The easy piece of this part of the install was now all that was left to do as I used wire ties to route the cables towards the front grille.
Cutting the grille
So - where to actually mount these??? A couple things I considered. Ideally, the sensors shouldn't be more than 22" apart to work effectively. With that, they should try and cover the obvious spots on the front of the car: center grille (glad it's not silver re reflectiveness) and the two rather large headlights. After consulting with ALP, the spots below were identified as the likely most effective ones (I mocked the sensors up with tape).
The other option would be down by the 'fog light' grilles, which is similar to what I had done on the RS4. I knew, though, that it would be too low and potentially leave me exposed to a lidar gun punch-through. So, on to cutting the grille I went :/
I used a dremel with a simple disc top to carefully cut through at 3 spots. It was rinse and repeat via measure, cut, test fit, identify where I needed more room, dremel, test fit, etc. At first I forgot about the brackets and the extra width/height they add, so took some more aggressive cuts after the first one pictured below. It also took holding the dremel at various angles to get in just the right spot, and at times dragging the wheel across the area to be cut. My only advice: just take your time and it'll work out great.

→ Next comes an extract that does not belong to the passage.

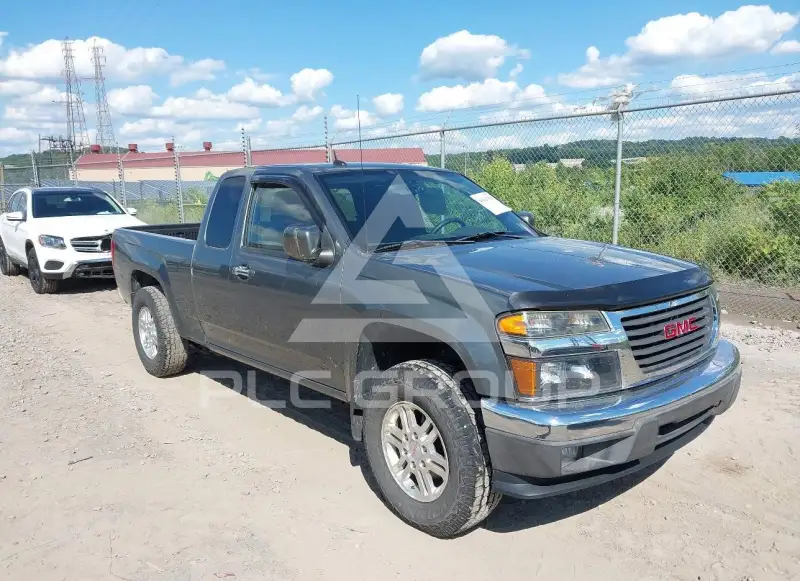 2011 GMC CANYON фото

Little by little I got there, realizing I also needed to leave just a bit more space all around for fine tuning the fit. At this time, I hadn't adjusted the brackets yet, so that was next.
Mounting the sensors
The crash bar runs behind the grille, just a couple inches below where the sensors should be. I started test bending the supplied brackets, and after some trial and error, came up with this shape for what I needed (see right).
During the bending process, some of the paint peeled, so I put on a couple of coats of spray paint prior to mounting. As you can see below, I used the trusty 3M Automotive double-sided tape for securing the brackets. Ideally I'd have screwed them into place, but this is plenty sturdy.

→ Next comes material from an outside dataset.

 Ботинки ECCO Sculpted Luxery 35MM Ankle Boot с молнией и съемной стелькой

In order to get in behind the grille, I simply removed the top cover. It holds on via two small clamps which you just pry up with a small screw driver, then remove. After that, I also removed the air intake to better get at the passenger side area. (pictures to follow)
I decided to secure the cable running to passenger side via standard 'cable tie mounts' to the back of the crash bar, and also made sure that I could relatively easily get to the connectors for the sensors.
I then took just a bit of time to slightly tweak (bend) the mounts to make sure they're as level as possible. Not a lot of adjustment was needed and I ended up with them pretty much spot on level from all directions.
The final results
See below for the final mounts. I had it tested just a few days later and it was 4 for 4 in jamming the gun from 2300 feet all the way to passing it. Very glad I have Mr. VortexRadar here local to help and test!!